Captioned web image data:
━━━━━━━━

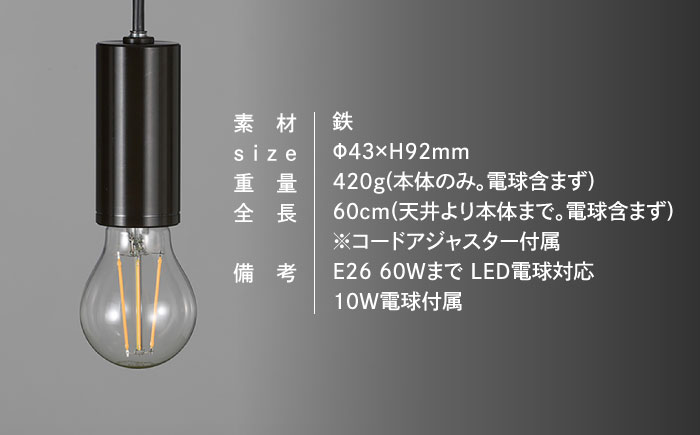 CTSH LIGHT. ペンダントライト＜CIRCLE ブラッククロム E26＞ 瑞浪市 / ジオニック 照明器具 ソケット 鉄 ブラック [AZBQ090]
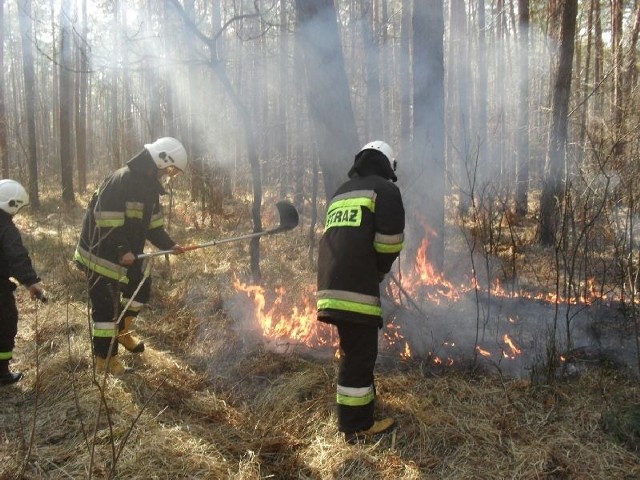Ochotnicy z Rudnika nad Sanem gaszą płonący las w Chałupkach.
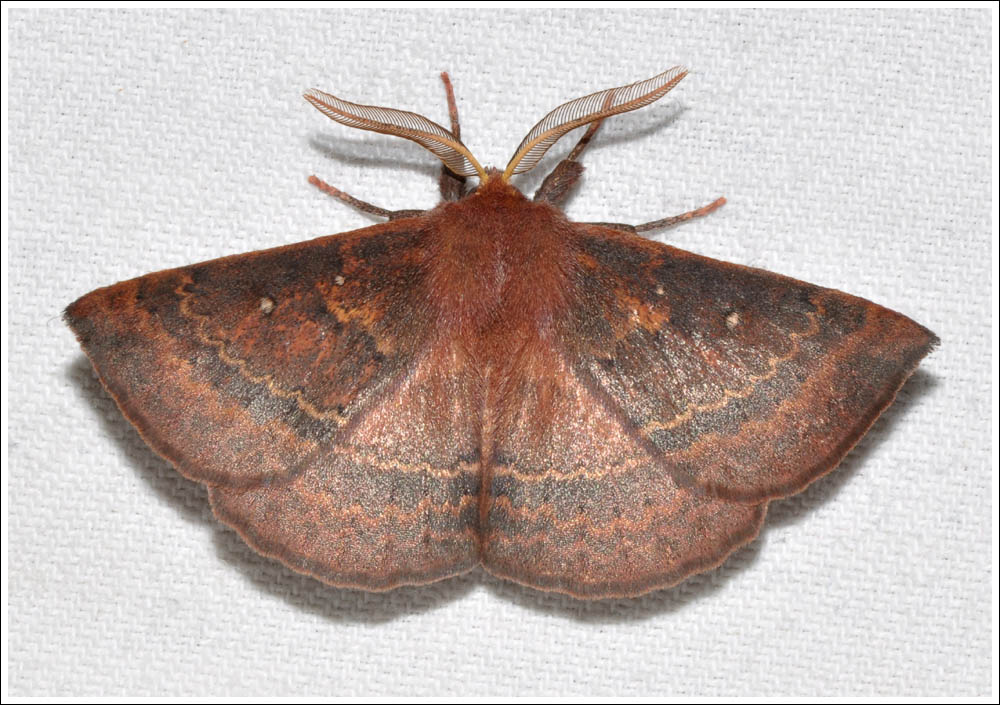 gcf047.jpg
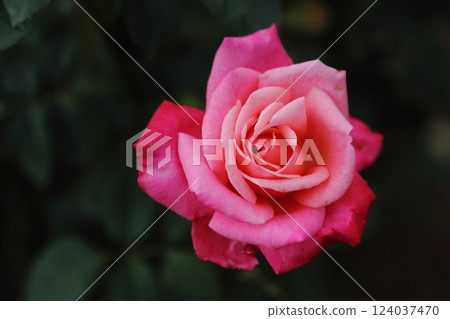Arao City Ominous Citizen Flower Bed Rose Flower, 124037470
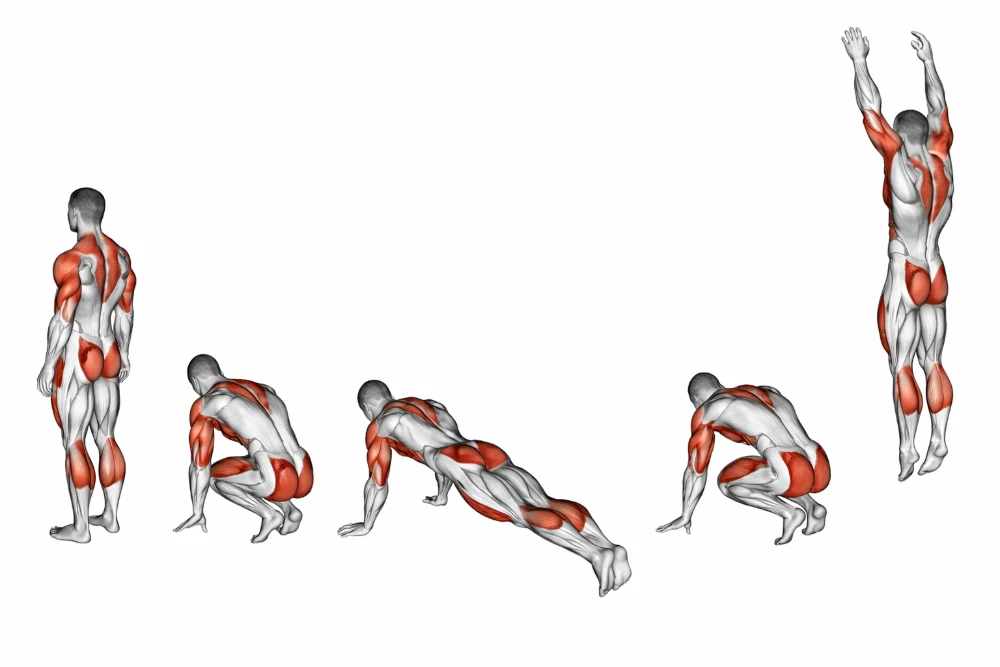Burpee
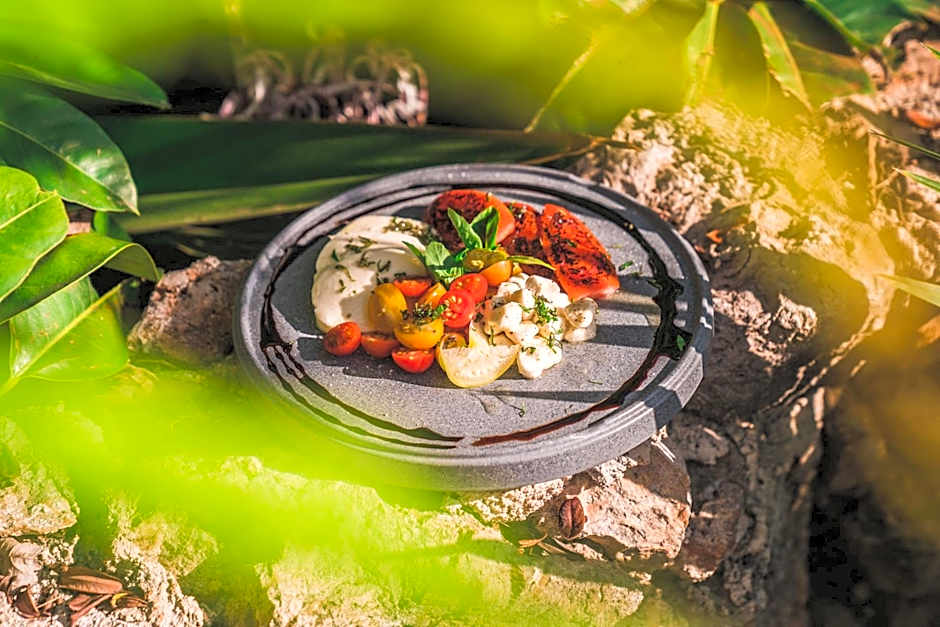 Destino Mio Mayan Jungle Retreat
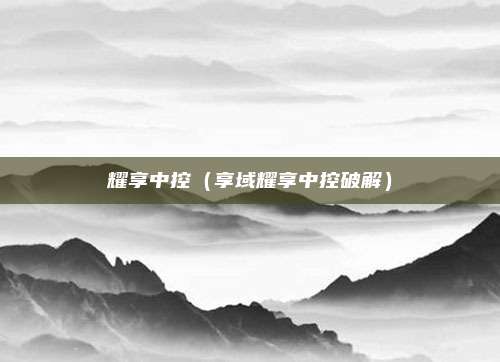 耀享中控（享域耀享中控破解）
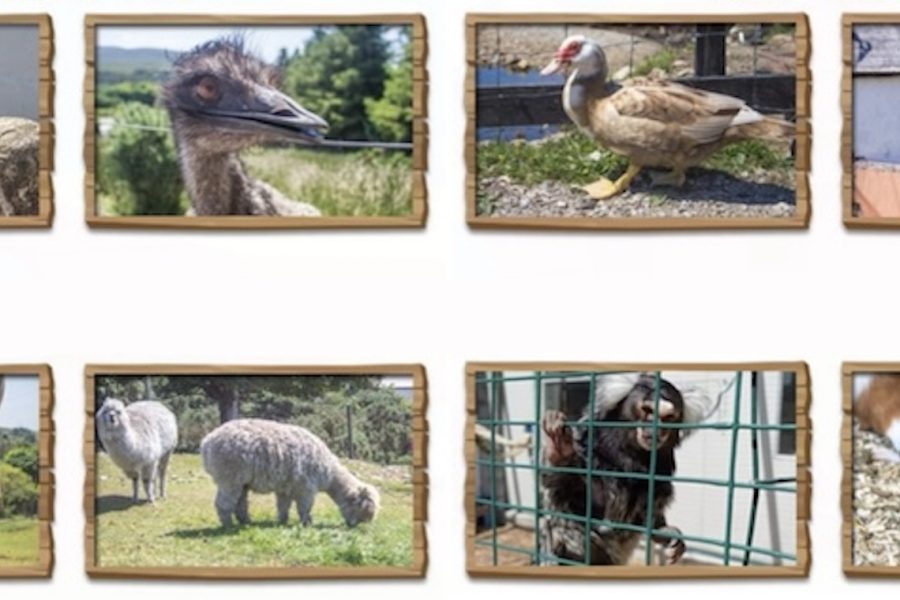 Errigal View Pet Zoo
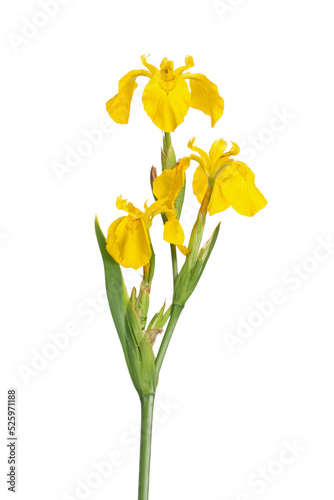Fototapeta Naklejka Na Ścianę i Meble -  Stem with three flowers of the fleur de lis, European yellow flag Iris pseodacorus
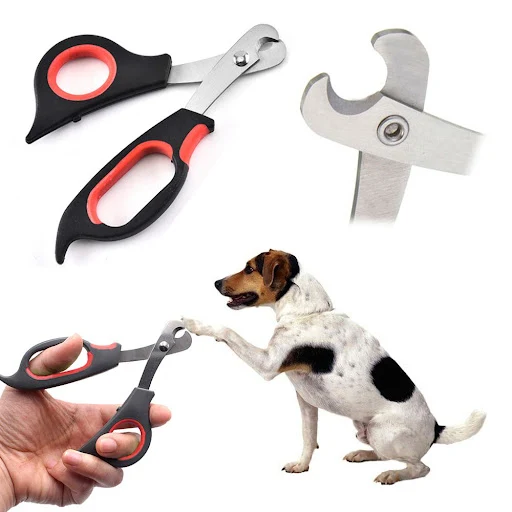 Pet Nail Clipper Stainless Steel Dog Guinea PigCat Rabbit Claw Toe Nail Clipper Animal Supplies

━━━━━━━━

> TASK STATEMENT:
Text only, no pictures: copy every entry exactly.

> EXERCISE RESULT:
 CTSH LIGHT. ペンダントライト＜CIRCLE ブラッククロム E26＞ 瑞浪市 / ジオニック 照明器具 ソケット 鉄 ブラック [AZBQ090]
Ochotnicy z Rudnika nad Sanem gaszą płonący las w Chałupkach.
 gcf047.jpg
Arao City Ominous Citizen Flower Bed Rose Flower, 124037470
Burpee
 Destino Mio Mayan Jungle Retreat
 耀享中控（享域耀享中控破解）
 Errigal View Pet Zoo
Fototapeta Naklejka Na Ścianę i Meble -  Stem with three flowers of the fleur de lis, European yellow flag Iris pseodacorus
 Pet Nail Clipper Stainless Steel Dog Guinea PigCat Rabbit Claw Toe Nail Clipper Animal Supplies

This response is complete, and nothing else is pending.